Storia della nostra scomparsa
La recensione del libro di Jing-Jing Lee, Fazi, 419 pp., 17 euro
Wang Di in coreano significa “speranza di un fratello”. Fin dalla sua origine Wang porta nel nome un’identità negata, un dover essere qualcosa di diverso da sé. Un non essere abbastanza. Siamo a Singapore durante l’occupazione giapponese (1942-1945), quando migliaia di donne vennero ridotte a schiave sessuali per soddisfare i desideri dei militari orientali di stanza in quei luoghi. Per confortarli. Come Wang Di venivano rapite, strappate alle loro famiglie e rinchiuse in “case bordello” – le comfort station – dove erano costrette a prostituirsi e subire ogni genere di sopruso. Perdevano dignità, desiderio di vivere e persino il proprio nome. Wang Di era diventata Fujiko e forse proprio grazie anche a questa nuova identità era riuscita a sopravvivere, a sentirsi meno coinvolta, meno colpevole di tutto quel male per cui non aveva nessuna colpa. Per tre anni aveva subìto ogni genere di violenza, cercando strenuamente di rimanere attaccata alla vita, di non farsi vincere dall’orrore. “Non pronunciavano mai il mio nome, non mi chiamavano neanche la figlia della signora Ng, come facevano quando ero piccola. Dopo vari giorni capii. Ormai non ero più Wang Di, almeno non per loro, ormai ero solo una wei an fu, una donna di conforto”.

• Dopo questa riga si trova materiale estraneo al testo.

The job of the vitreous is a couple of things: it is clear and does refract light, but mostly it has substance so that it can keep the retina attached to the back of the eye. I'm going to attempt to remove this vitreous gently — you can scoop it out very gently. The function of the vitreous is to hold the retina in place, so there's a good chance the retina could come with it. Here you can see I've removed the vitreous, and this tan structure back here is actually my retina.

Wang Di porta per una vita questo segreto inconfessabile dentro di sé, come una ferita impossibile da rimarginare perché non riconosciuta. Dalla società, dai suoi famigliari, dalle persone che le stanno accanto. “Ricorda. Non dire mai a nessuno quello che ti è successo. A nessuno. Meno che mai a tuo marito”. E Wang Di aveva ubbidito a sua madre. Non lo aveva detto a nessuno, nemmeno al marito Chia Soon Wei, anch’egli vittima dei giapponesi che gli avevano sterminato la prima famiglia, lasciando vivo solo il figlio e un nipote. Quel marito che lei chiama il Vecchio e che aveva sposato in tarda età perché lo stigma sociale era troppo forte e discriminante per lei, nemmeno a lui poco prima di morire la donna era riuscita a confessare questo fantasma del suo passato che l’aveva resa apatica, indolente, incapace di sperare. La vita però concede a Wang Di una seconda occasione. Ha il volto di Kevin, un ragazzino tredicenne povero e quasi cieco che viene a conoscenza di un segreto riguardante la sua famiglia e si mette sulle tracce di Wang Di, per restituirle un nome e un’identità che sembrava perduta per sempre.

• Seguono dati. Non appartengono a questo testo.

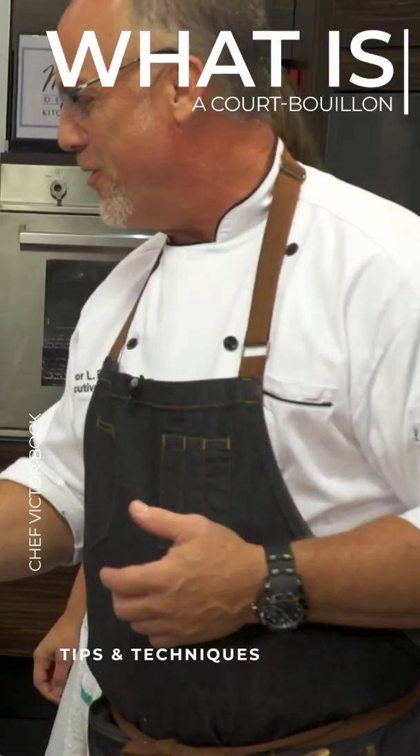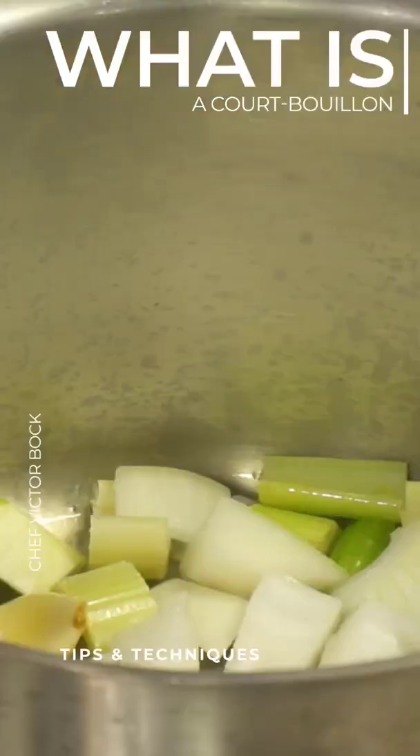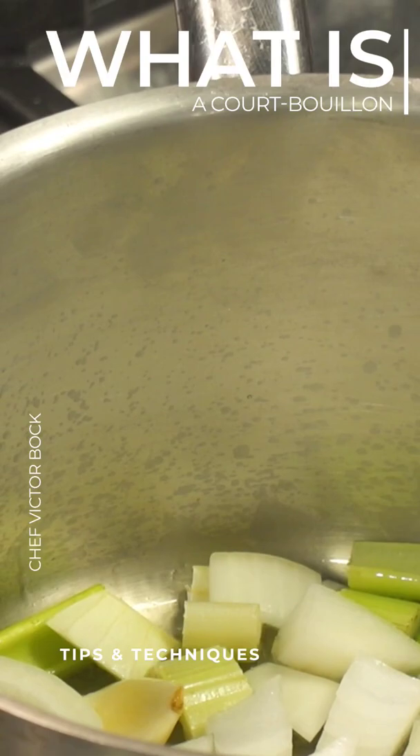What we're going to do here is we're going to set up our own little court bouillon mixture to poach it in — a bouillon, a broth if you would.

Con sapienza letteraria e profondità Jing-Jing Lee racconta la storia di una famiglia – partendo dal dramma vissuto dalla propria – e intreccia trame e diversi livelli di lettura, raccordando temi importanti con equilibrio e grazia poetica. Restituisce la voce a tante donne che, come Wang Di, sono rimaste in silenzio, bloccate in un passato che è rimasto per loro un eterno presente. Perché raccontare, tramandare, dare voce a chi l’ha persa per sempre è l’unico modo per essere liberi. Per tentare di processare un dolore, per dargli una forma e provare a starci difronte. Per intravedere una possibilità di riscatto. Per non scomparire.
Questa è la storia di una scomparsa. Di un silenzio. E ora anche di una memoria.